Re: [PATCH v4 sysctl-next] bpf: move bpf sysctls from kernel/sysctl.c to bpf module

Posted by Daniel Borkmann 4 years, 2 months ago

On 4/7/22 9:07 AM, Yan Zhu wrote:
> We're moving sysctls out of kernel/sysctl.c as its a mess. We
> already moved all filesystem sysctls out. And with time the goal is
> to move all sysctls out to their own subsystem/actual user.
> 
> kernel/sysctl.c has grown to an insane mess and its easy to run
> into conflicts with it. The effort to move them out is part of this.
> 
> Signed-off-by: Yan Zhu <zhuyan34@huawei.com>

Acked-by: Daniel Borkmann <daniel@iogearbox.net>

Given the desire is to route this via sysctl-next and we're not shortly
before but after the merge win, could we get a feature branch for bpf-next
to pull from to avoid conflicts with ongoing development cycle?

Thanks,
Daniel

Re: [PATCH v4 sysctl-next] bpf: move bpf sysctls from kernel/sysctl.c to bpf module

Posted by Luis Chamberlain 4 years, 2 months ago

On Wed, Apr 13, 2022 at 04:45:00PM +0200, Daniel Borkmann wrote:
> On 4/7/22 9:07 AM, Yan Zhu wrote:
> > We're moving sysctls out of kernel/sysctl.c as its a mess. We
> > already moved all filesystem sysctls out. And with time the goal is
> > to move all sysctls out to their own subsystem/actual user.
> > 
> > kernel/sysctl.c has grown to an insane mess and its easy to run
> > into conflicts with it. The effort to move them out is part of this.
> > 
> > Signed-off-by: Yan Zhu <zhuyan34@huawei.com>
> 
> Acked-by: Daniel Borkmann <daniel@iogearbox.net>
> 
> Given the desire is to route this via sysctl-next and we're not shortly
> before but after the merge win, could we get a feature branch for bpf-next
> to pull from to avoid conflicts with ongoing development cycle?
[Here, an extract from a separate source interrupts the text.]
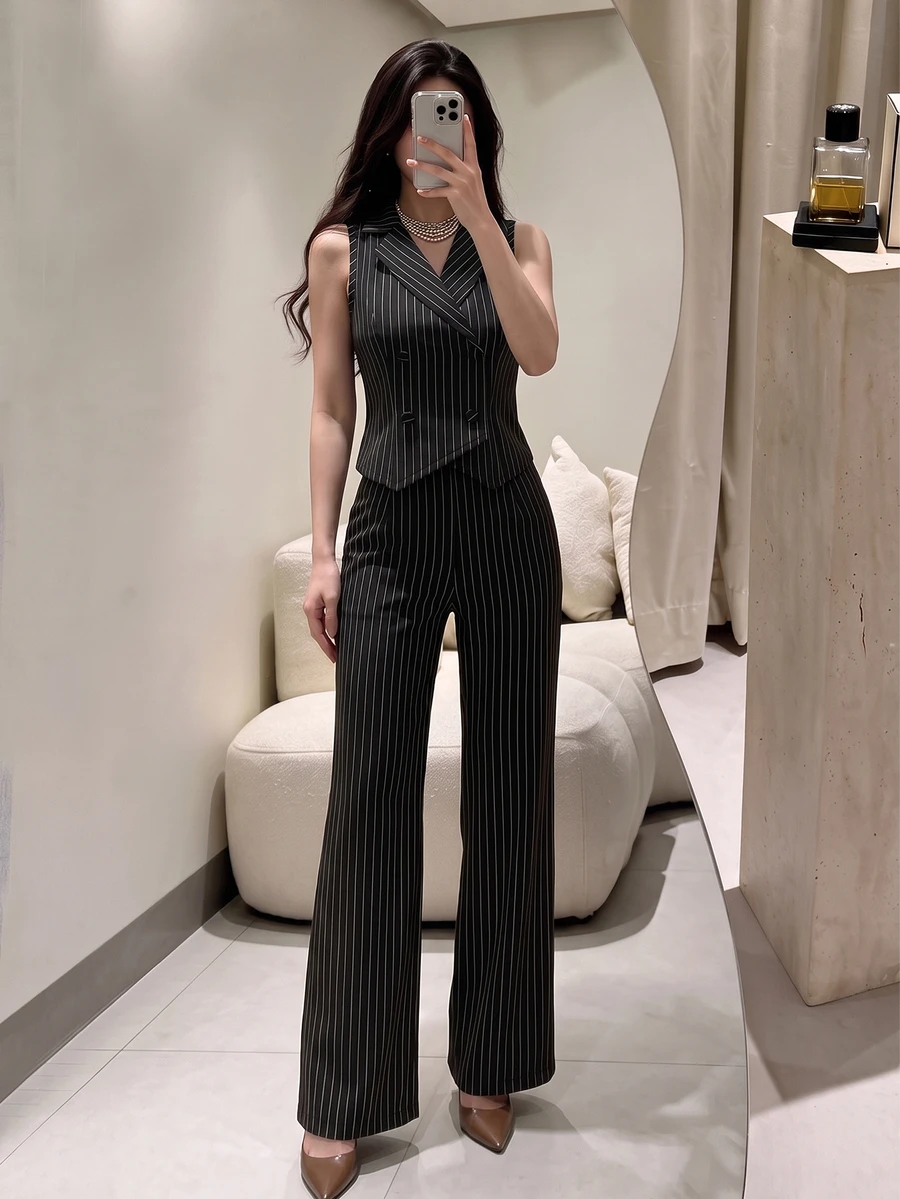 Seusyu 女款春夏時尚通勤黑白直條紋西裝背心寬腿褲套裝,翻領無袖雙排扣幹練職場穿搭 - 黑色 - 查看 1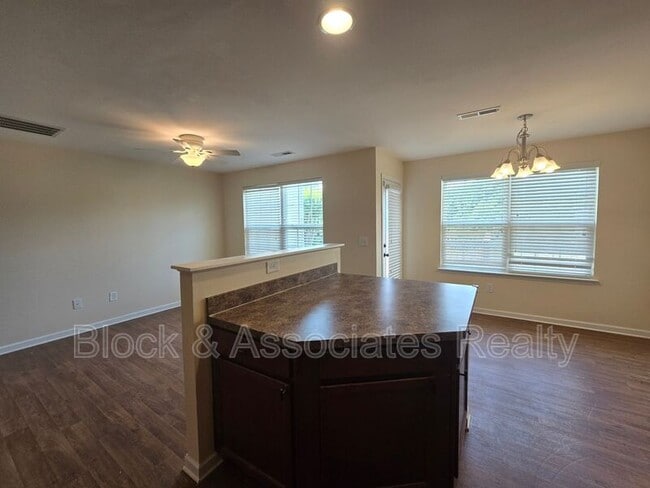 Photo - 545 Song Sparrow Ln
Sure thing. So I've never done this sort of thing, so forgive me for
being new at it. Would it make sense to merge this change to sysctl-next
as-is today and put a frozen branch sysclt-next-bpf to reflect this,
which bpf-next can merge. And then sysctl-next just continues to chug on
its own? As-is my goal is to keep sysctl-next as immutable as well.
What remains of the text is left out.